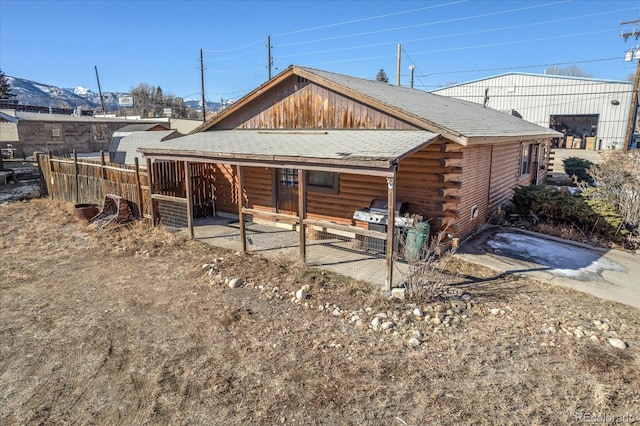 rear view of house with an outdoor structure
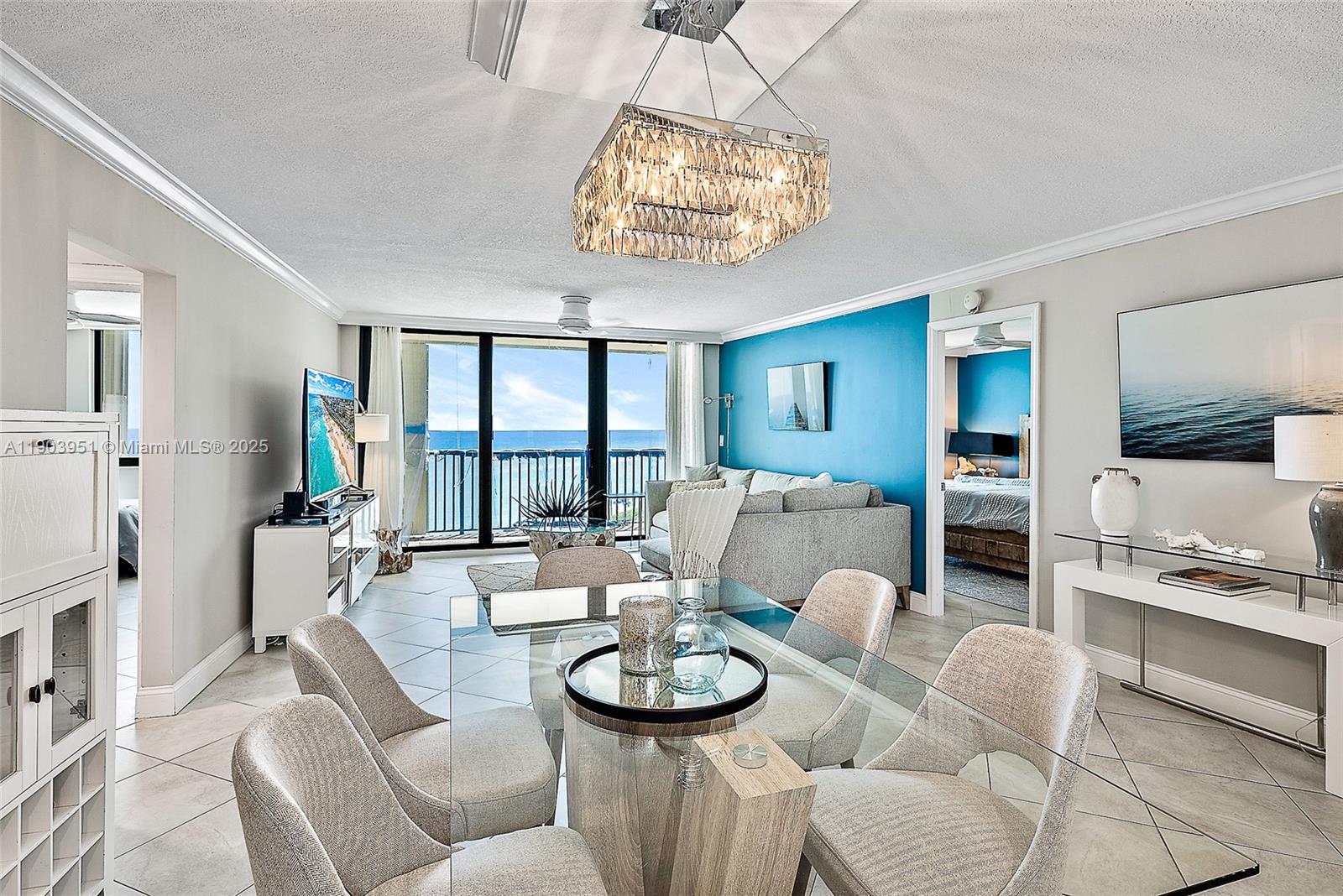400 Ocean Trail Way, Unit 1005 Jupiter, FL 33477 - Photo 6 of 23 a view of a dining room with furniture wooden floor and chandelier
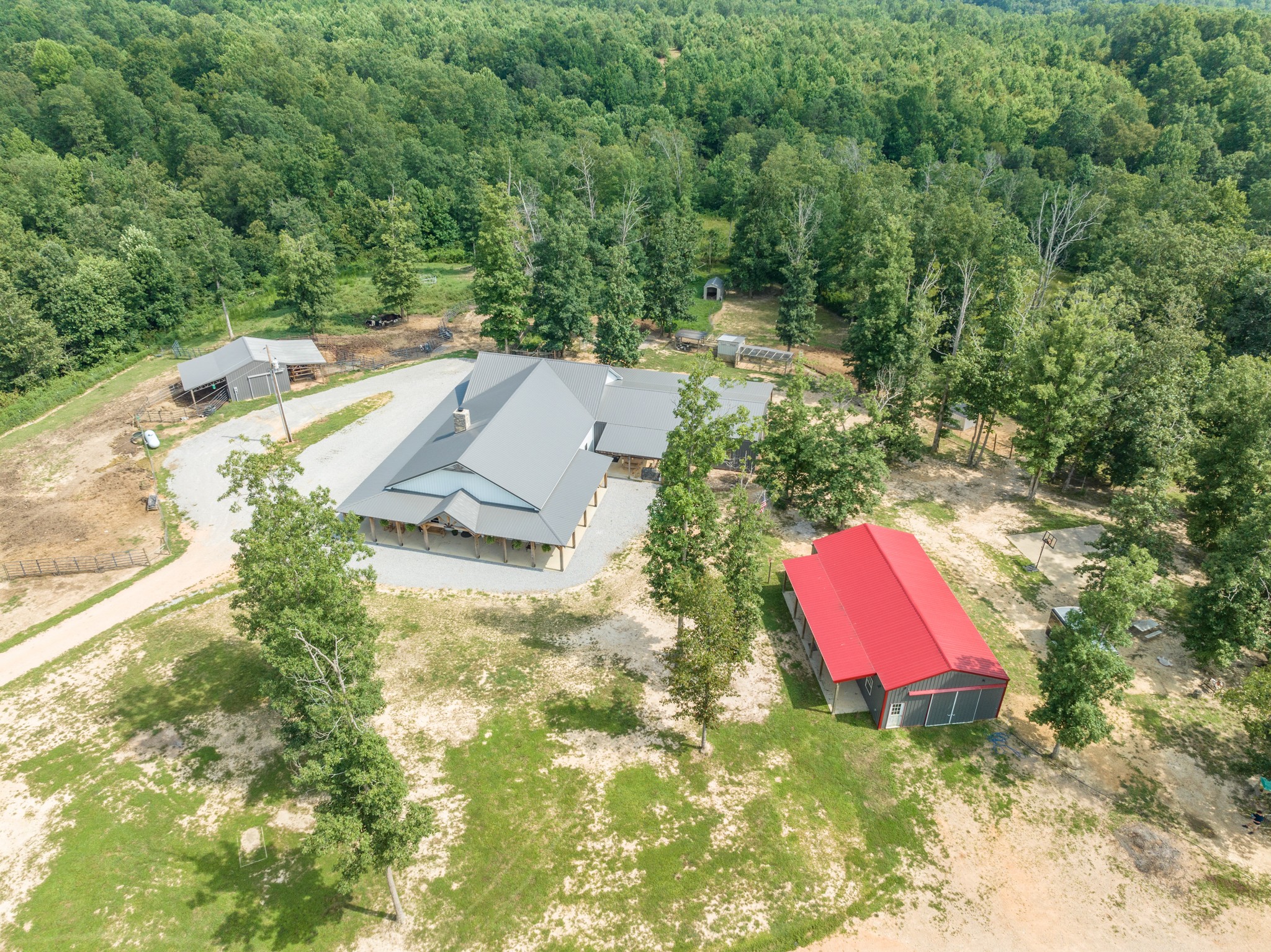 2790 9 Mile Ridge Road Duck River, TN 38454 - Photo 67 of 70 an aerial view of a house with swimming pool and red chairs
____
## The task
Only the pictures in the listing above get left out; print everything else exactly.

## Answer for the task
 rear view of house with an outdoor structure
400 Ocean Trail Way, Unit 1005 Jupiter, FL 33477 - Photo 6 of 23 a view of a dining room with furniture wooden floor and chandelier
 2790 9 Mile Ridge Road Duck River, TN 38454 - Photo 67 of 70 an aerial view of a house with swimming pool and red chairs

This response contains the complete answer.